Wednesday, September 24, 2014


20 “When a man strikes his slave, male or female, with a rod and the slave dies under his hand, he shall be avenged. 21 But if the slave survives a day or two, he is not to be avenged, for the slave is his money…26 “When a man strikes the eye of his slave, male or female, and destroys it, he shall let the slave go free because of his eye. 27 If he knocks out the tooth of his slave, male or female, he shall let the slave go free because of his tooth (Exod 21:20-21,26-27). 
I'm going to discuss a controversial OT law (esp. v20). 
i) Whenever we respond to unbelievers who attack OT ethics, we must constantly remind them that atheism has no basis for human rights.

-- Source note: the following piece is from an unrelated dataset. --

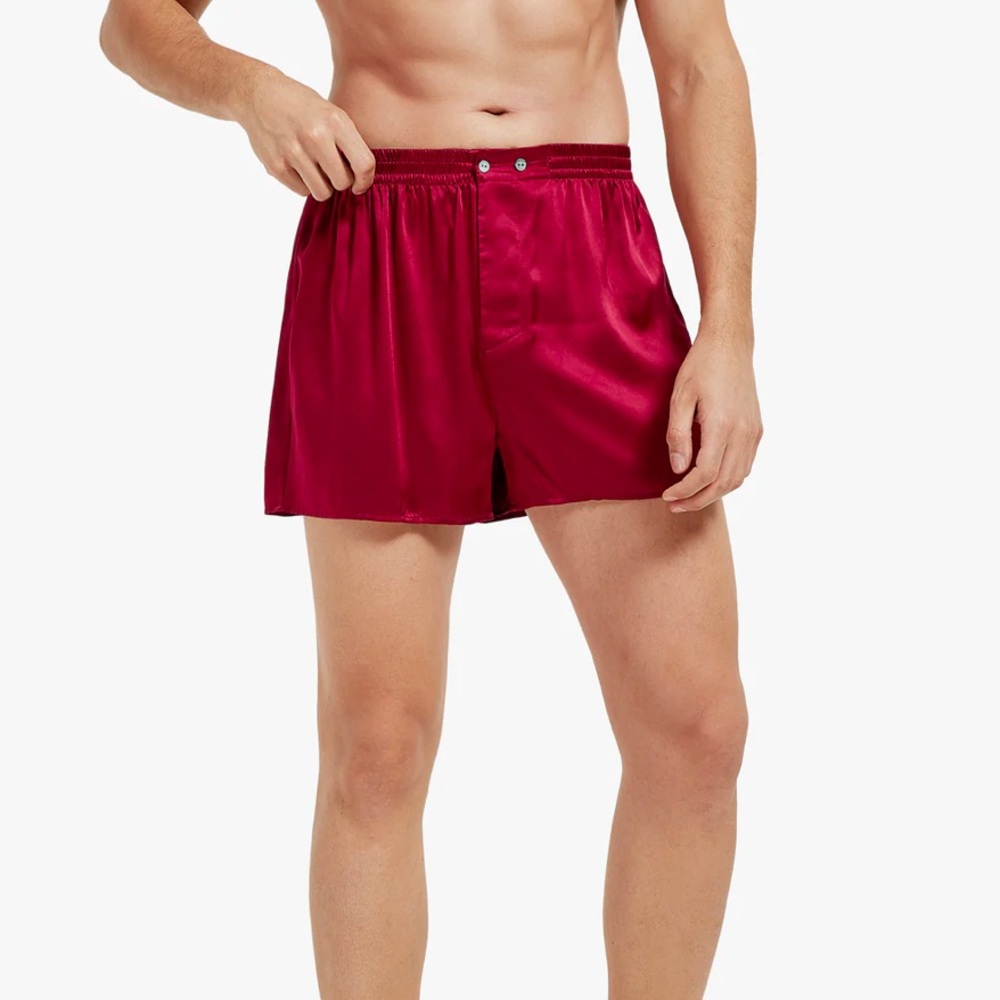 Mommesilk Luxury Fitted Draping Silk Boxer in Claret Red | XXL NWT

Atheism can't ground objective morality. Moreover, given their reductionistic view of human beings, there's no reason to think humans are the kind of entities entitled to special treatment.

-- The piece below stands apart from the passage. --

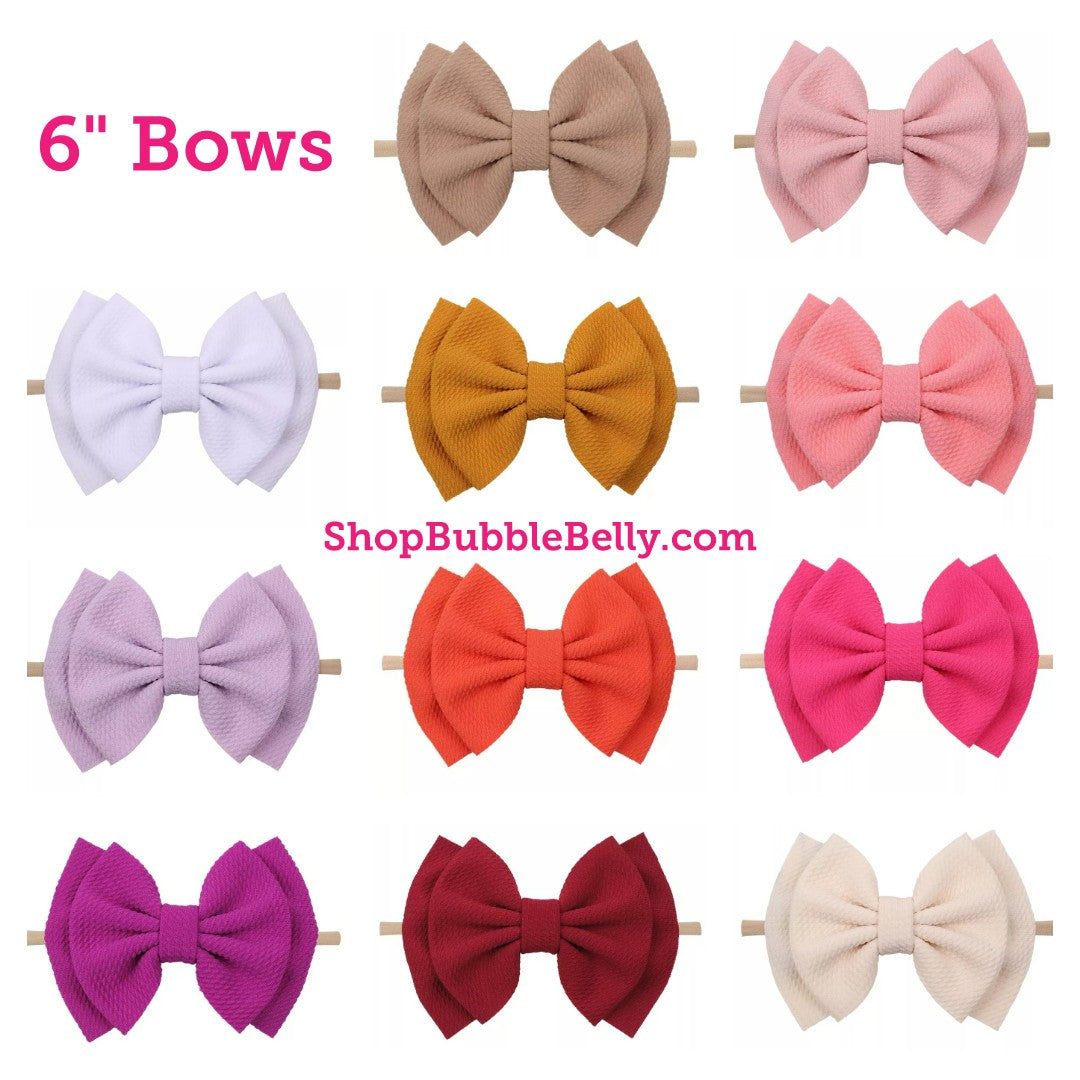 6 inch bow nylon headband, pinks and reds, assorted colors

Although it's tedious and repetitive to replay the same broken record, it's necessary so long as unbelievers evade the implications of their own position.
ii) OT laws don't necessarily endorse what they regulate. This is true of law generally. Laws of morality presuppose the existence of evil. Laws can't eradicate evil. At most, they improve the situation. Mitigate evil. The fact that OT law regulates slavery doesn't ipso facto mean it condones slavery. Not every evil can be forbidden. Some well-meaning laws are unenforceable. The best thing some laws can aim for is to limit damage. Make the status quo less harmful. 

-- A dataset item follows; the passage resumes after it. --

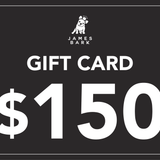 A $150 James Bark gift card with a black background and bold white text, featuring the brand logo at the top.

iii) Critics needs to be clear on what they find objectionable in this law. Do they find slavery objectionable or corporal punishment? If their primary objection is to slavery, then they'd object to any OT law regulating slavery. They don't object to slavery because it may involve corporal punishment. So their offense at this particular passage is disingenuous.   
iv) "Slavery" is an umbrella term. There were different kinds of "slaves." There were indentured servants. There were war captives. Without repeating what I've said elsewhere, I don't think there's anything intrinsically wrong with indentured service or enslaving enemy combatants. You have to consider the practical alternative in that (or some analogous) situation. 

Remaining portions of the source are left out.